Recorded information:
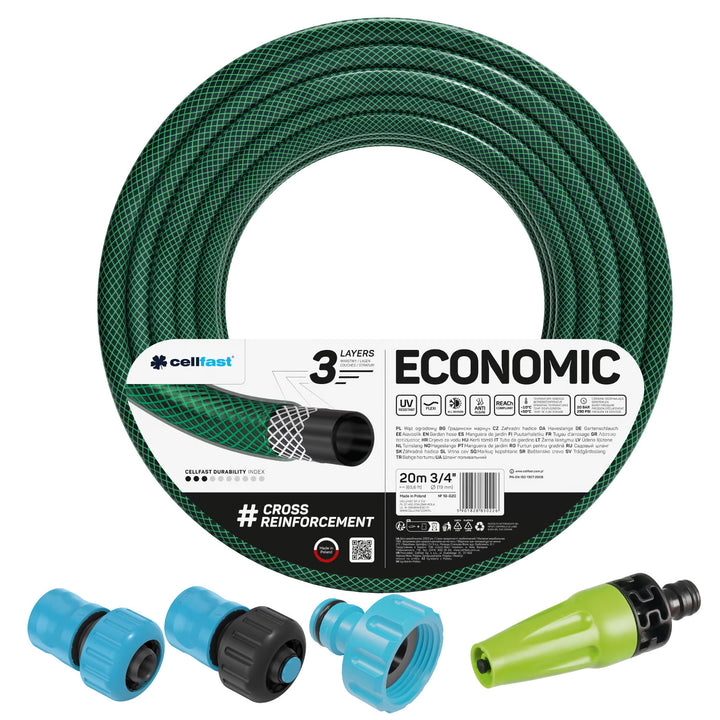 Cellfast Economic haveslange 3/4" 20 m + lige sprinkler + tilslutningsstykke med indvendigt gevind 3/4" + gennemgangs- og afspærringshurtigkobling 3/4"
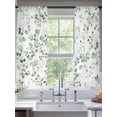 thumbnail image 2 of Botanical Leaf Print Sheer Curtains 63 Inch Length 2 Panels Set, Spring Emerald Foliage Eucalyptus Voile Window Treatment Rod Pocket Curtains Sheers Drapes for Bedroom/Living Room/Kitchen 52x"63"x2, 2 of 7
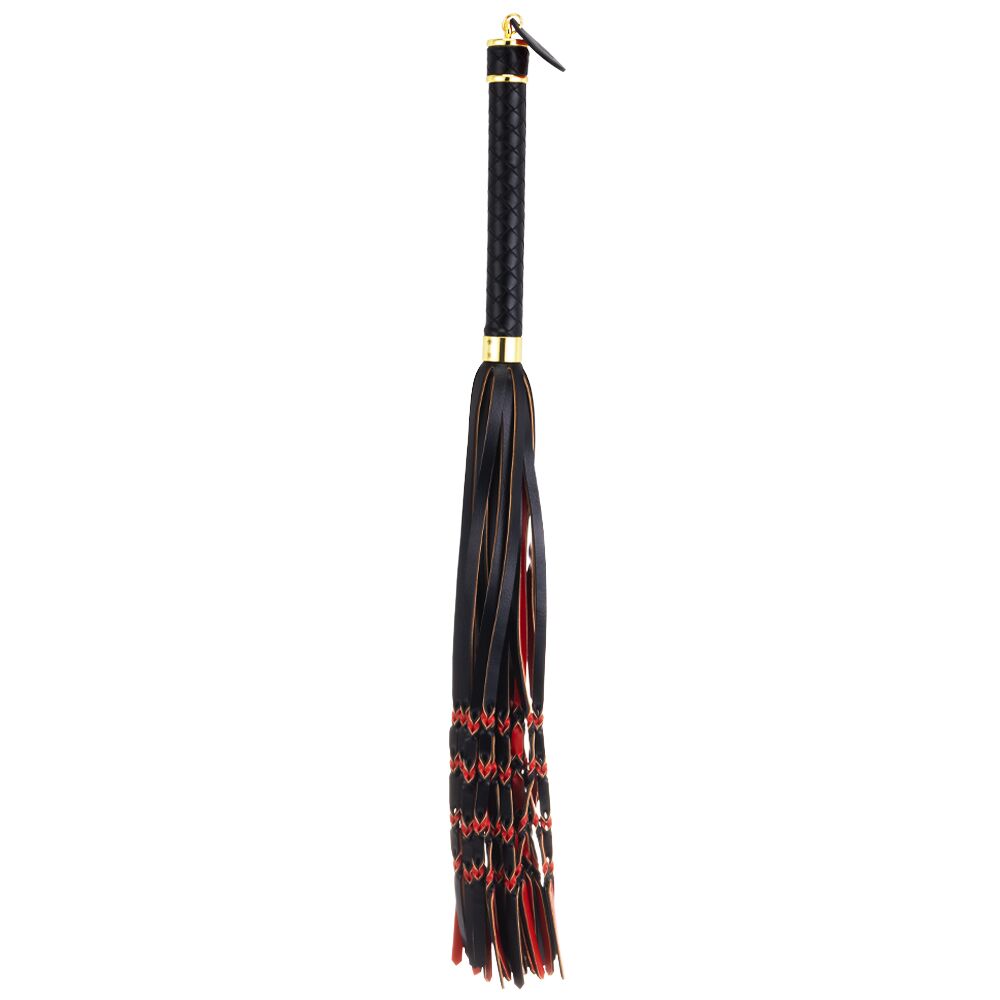 Флогер LOCKINK SEVANDA Red & Black Braided Tail Flogger, червоно-чорний, хвости з вузликами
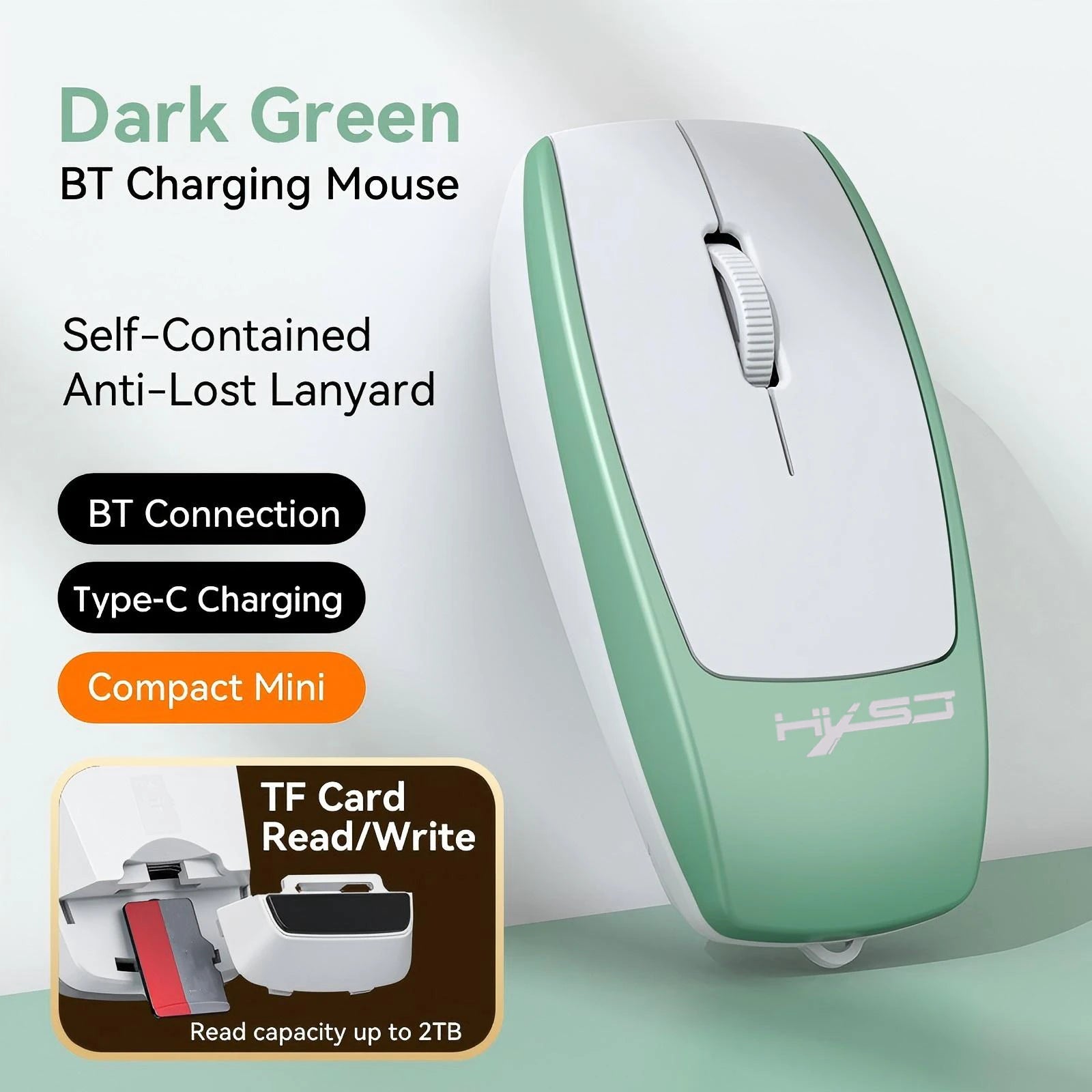 Portable Bluetooth 5.1 Wireless Mini Mouse Rechargeable TF Card Reader Silent Adjustable DPI Mouse for Phone Tablet Notebook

Work item: Would you copy all of the data exactly? Keep the pictures out of it.

Solved exercise:
 Cellfast Economic haveslange 3/4" 20 m + lige sprinkler + tilslutningsstykke med indvendigt gevind 3/4" + gennemgangs- og afspærringshurtigkobling 3/4"
 thumbnail image 2 of Botanical Leaf Print Sheer Curtains 63 Inch Length 2 Panels Set, Spring Emerald Foliage Eucalyptus Voile Window Treatment Rod Pocket Curtains Sheers Drapes for Bedroom/Living Room/Kitchen 52x"63"x2, 2 of 7
 Флогер LOCKINK SEVANDA Red & Black Braided Tail Flogger, червоно-чорний, хвости з вузликами
 Portable Bluetooth 5.1 Wireless Mini Mouse Rechargeable TF Card Reader Silent Adjustable DPI Mouse for Phone Tablet Notebook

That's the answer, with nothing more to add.